By Haakon Brunell, Christopher Handscomb, and Frithjof Lund

Oil and gas companies face pressure on returns intensified by the sharp fall in oil price. We explore the organizational implications of shifting from volume to value.

Oil and gas companies are facing pressure on returns, driven by both margin and capital intensity effects and intensified by the recent sharp fall in oil price. Even as average crude oil prices remained largely flat between 2008 and 2013, McKinsey research shows average return on invested capital among international oil companies (IOCs) declined from 27 percent to 11 percent in the period driven by escalating costs linked to underlying “evergreen” organizational issues. These include unclear accountability and redundancy arising from complex matrix structures, unwieldy standards and processes that hinder performance on the line, and increasing employee costs.

In response, both majors and independents have begun shifting their capital market proposition away from the traditional emphasis on volume growth to focus more intently on creating value through opex and capex optimization.

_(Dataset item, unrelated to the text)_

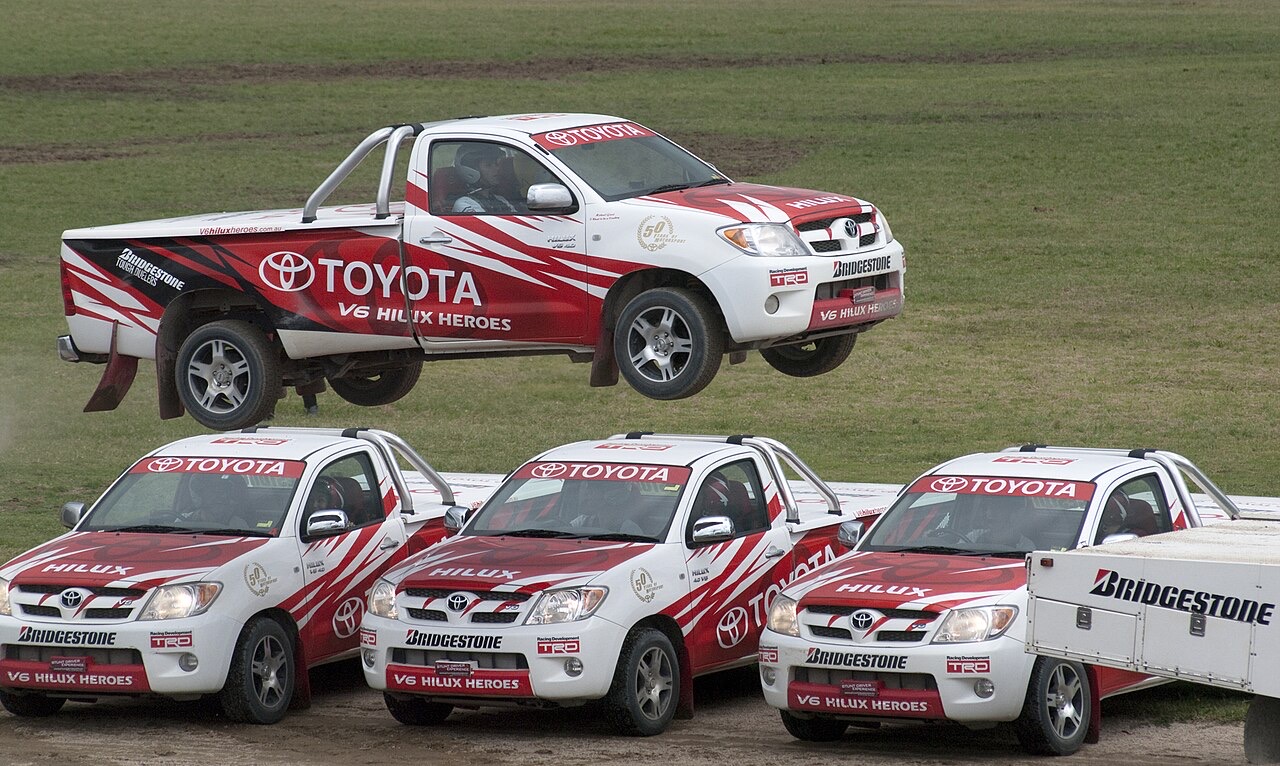 A pickup truck in mid-air above three parked pickup trucks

That “volume-to-value” push has emerged as a central theme across the industry. Chevron echoed it in analyst discussions when they stated they are “value-driven, not volume-driven.”1 BP made “Value over Volume” the first element of their 2014 proposition to shareholders.2 BG’s strategy promises to “Prioritize value over production,”3 and ConocoPhillips talks of a “shifting portfolio driving peer-leading cash margin growth.”4

Delivering on that value promise, however, requires companies to improve performance across the business and adapt deeply embedded cultural norms. Based on McKinsey research and dialog with several hundred executives over the last year, this article explores the organizational implications that oil and gas players need to consider to improve growth and performance and shift from volume to value. They include how to tune organization structure, simplify processes and ways of working and address “people” challenges in addition to culture shifts and leadership required to successfully implement these changes. Combining an integrated program of organizational initiatives with stringent capital and portfolio management will enable companies to shift their focus from volume to value and, ultimately, transform their performance.

Get your matrix to work

Many companies ask whether they should adopt an “asset” or “functional” model, but this is the wrong question; rather the key is finding the right balance between the two. Most oil and gas companies have evolved their organizational design and operating model over the past five years, with a clear convergence on a matrix structure, that is, asset organizations with a strong functional dimension (Exhibit 1). This convergence is a response to common demographic, competency, technology, and regulatory pressures across the industry and reflects the many potential benefits of a matrix structure. However, poor implementation of a matrix is a key contributor to cost escalation and inefficiency. Increased complexity, poorly defined roles and accountabilities, unclear reporting lines, and duplication of activity are major factors in value erosion.5

Evolution of the organizational model at the oil and gas majors.

To arrest that slide, oil and gas companies need to refine their matrix organizations in the following ways:

1. Clarify the role of your functions and eliminate duplication

Failure to clearly define the role of technical functions quickly leads to “mission creep” and uncontrolled growth in central teams that disempowers and burdens asset organizations. Too often roles muddled. A given function might be involved in setting standards and policing while at the same time contracting to provide services. Such “split personalities” cause confusion and inefficiency in the line. A framework such as that shown in Exhibit 2 can help bring much-needed clarity.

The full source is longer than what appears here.